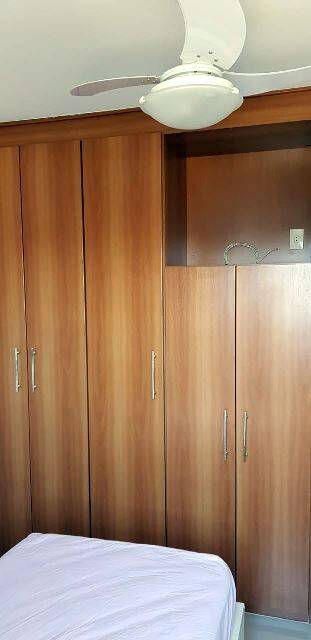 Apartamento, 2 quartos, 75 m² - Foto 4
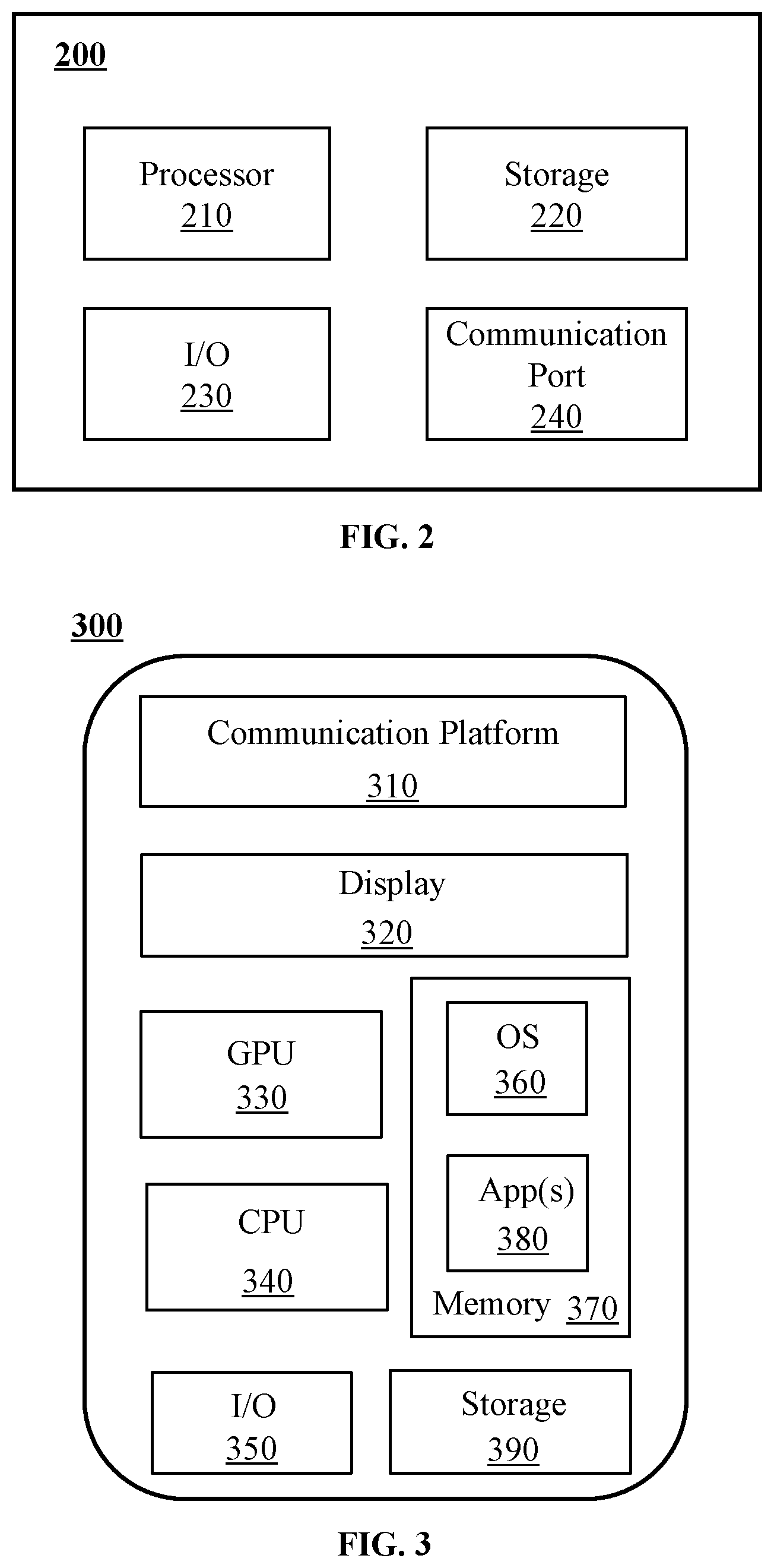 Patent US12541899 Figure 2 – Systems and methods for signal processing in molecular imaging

——————————

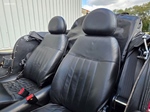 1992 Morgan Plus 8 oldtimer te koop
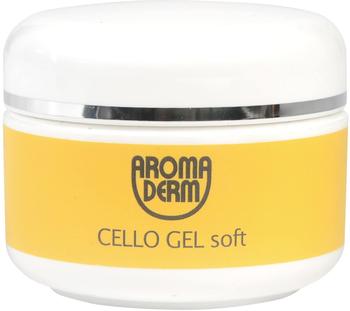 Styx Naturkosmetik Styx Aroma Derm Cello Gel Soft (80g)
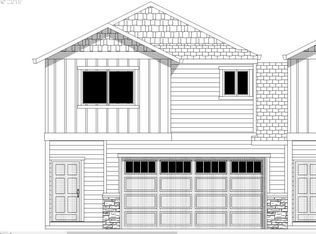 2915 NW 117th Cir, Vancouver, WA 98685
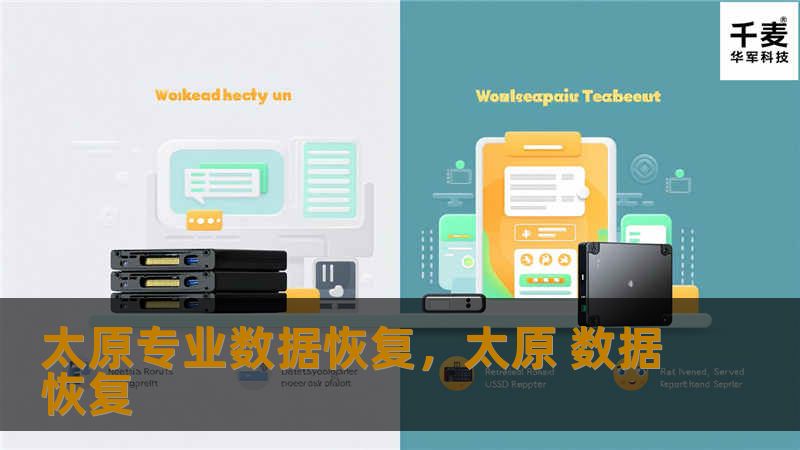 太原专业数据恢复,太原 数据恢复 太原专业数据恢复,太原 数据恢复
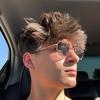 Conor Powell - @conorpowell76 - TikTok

——————————

> **EXERCISE BRIEF**: A word-for-word reproduction is needed of the lines above from the line containing "Apartamento, 2 quartos, 75 m² - Foto 4" through the line containing "Patent US12541899 Figure", with both ends kept and no pictures.

> **SOLUTION TO THIS EXERCISE**:
 Apartamento, 2 quartos, 75 m² - Foto 4
 Patent US12541899 Figure 2 – Systems and methods for signal processing in molecular imaging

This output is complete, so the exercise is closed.